# Directions for this task
When you reach the line containing "Classic Ripped Men's", repeat that line and each one after it exactly until the records end, leaving out pictures.

# Crawled caption data
______________________________

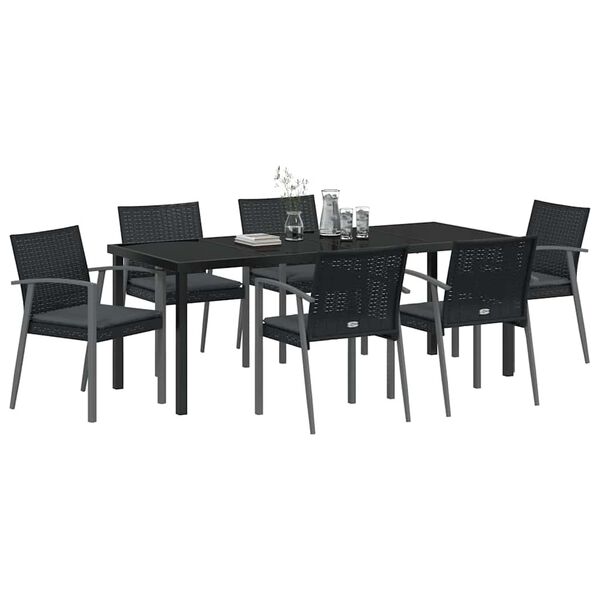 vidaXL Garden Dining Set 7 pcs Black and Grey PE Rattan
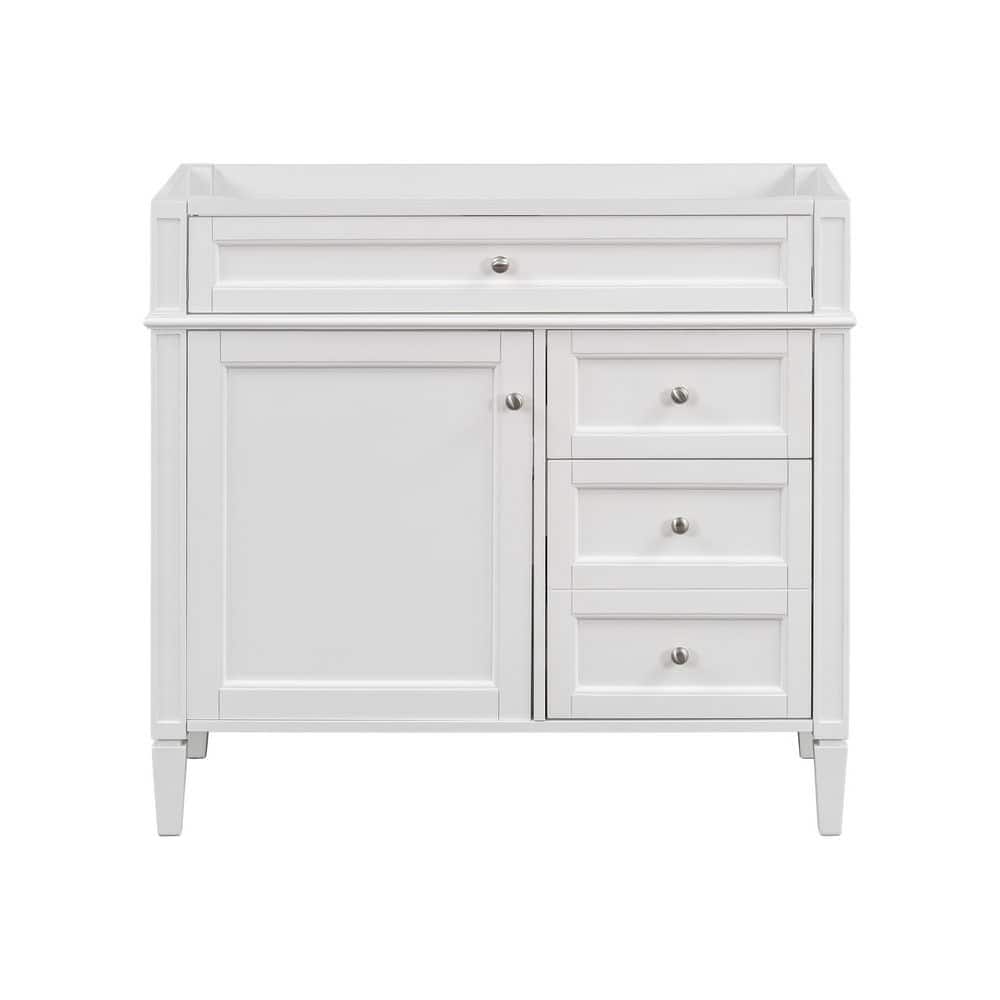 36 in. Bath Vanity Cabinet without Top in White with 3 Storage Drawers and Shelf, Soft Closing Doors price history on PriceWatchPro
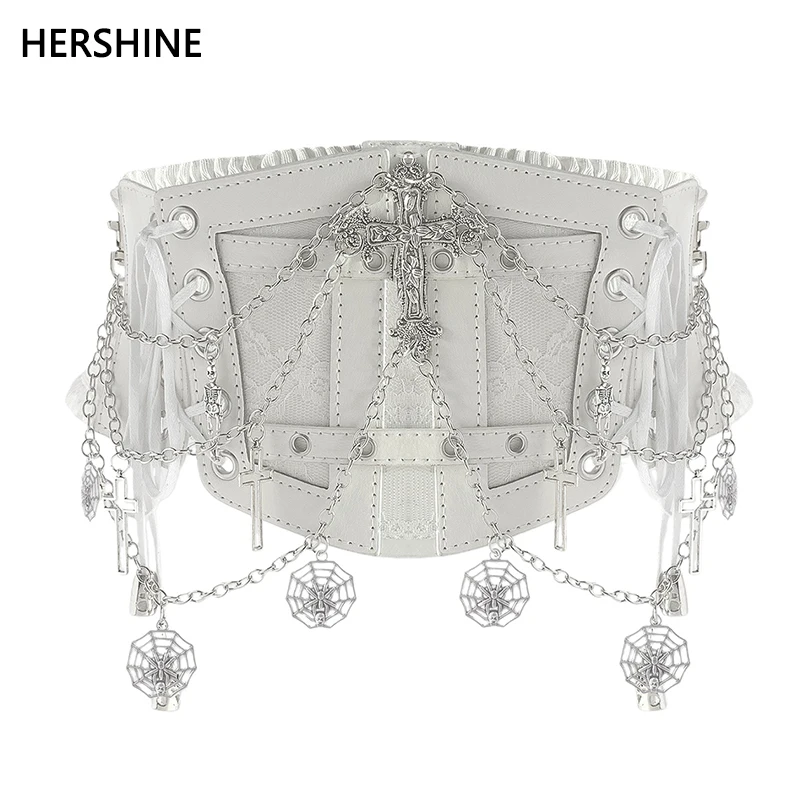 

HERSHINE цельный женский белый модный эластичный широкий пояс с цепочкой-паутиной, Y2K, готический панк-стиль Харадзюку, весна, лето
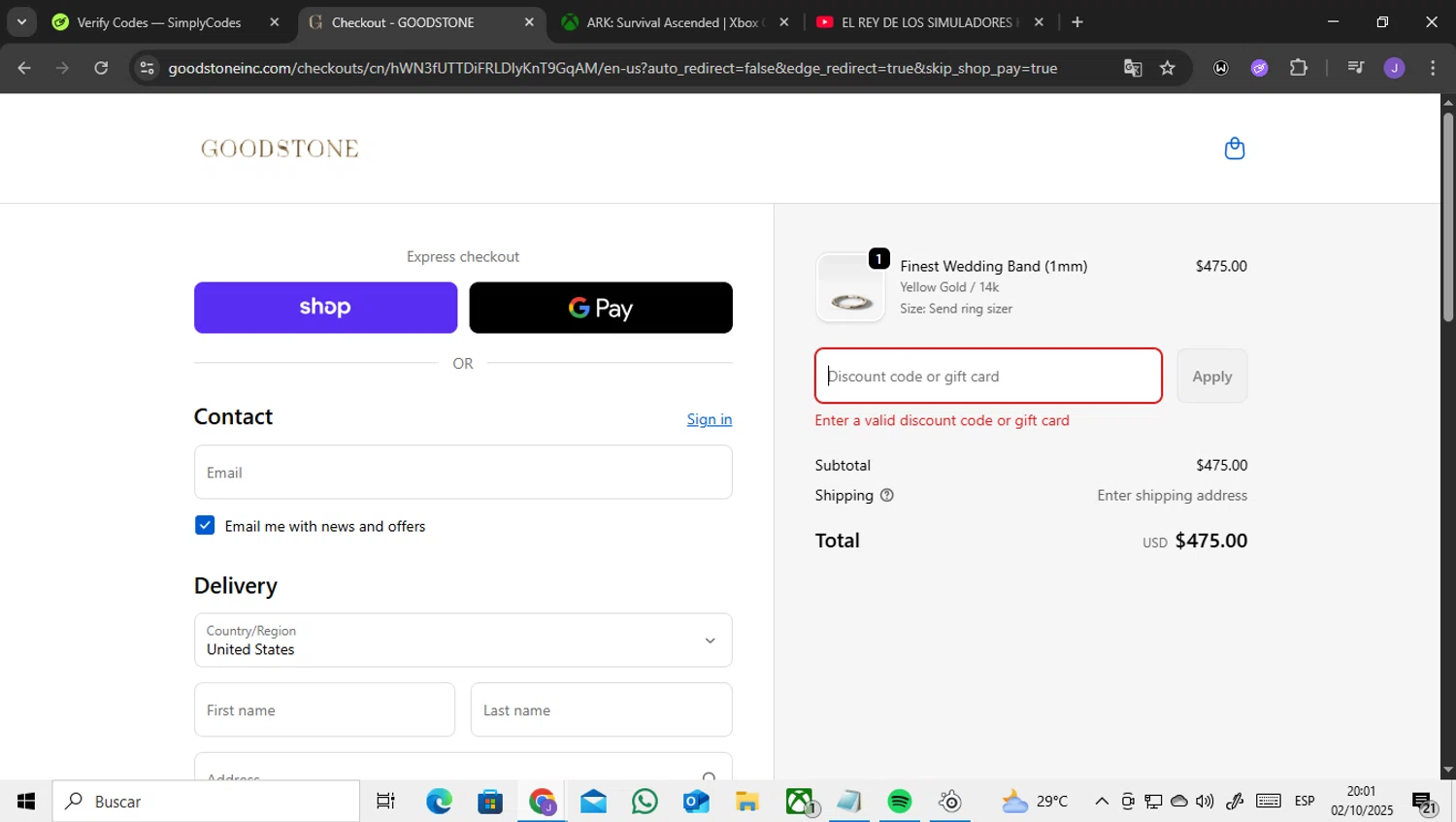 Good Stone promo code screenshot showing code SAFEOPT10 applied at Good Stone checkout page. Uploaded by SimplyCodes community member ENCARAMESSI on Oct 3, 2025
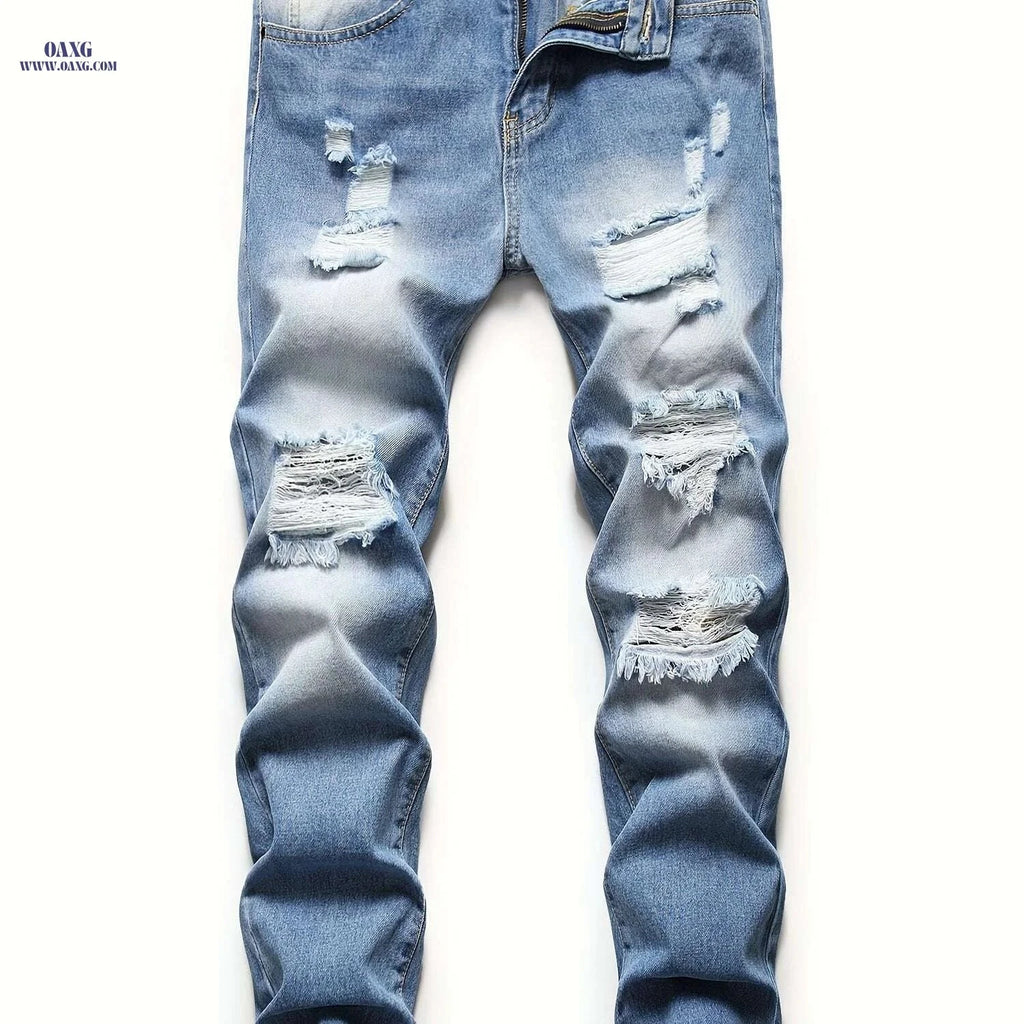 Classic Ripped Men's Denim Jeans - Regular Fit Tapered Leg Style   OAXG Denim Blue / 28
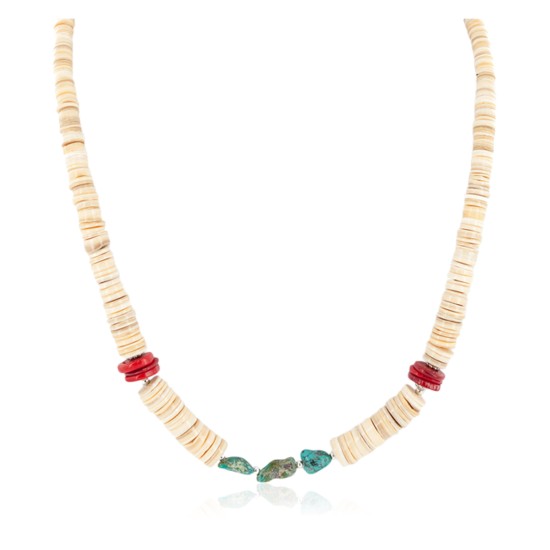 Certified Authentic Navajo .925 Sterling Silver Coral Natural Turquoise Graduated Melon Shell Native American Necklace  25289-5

______________________________

# Result of the task
 Classic Ripped Men's Denim Jeans - Regular Fit Tapered Leg Style   OAXG Denim Blue / 28
 Certified Authentic Navajo .925 Sterling Silver Coral Natural Turquoise Graduated Melon Shell Native American Necklace  25289-5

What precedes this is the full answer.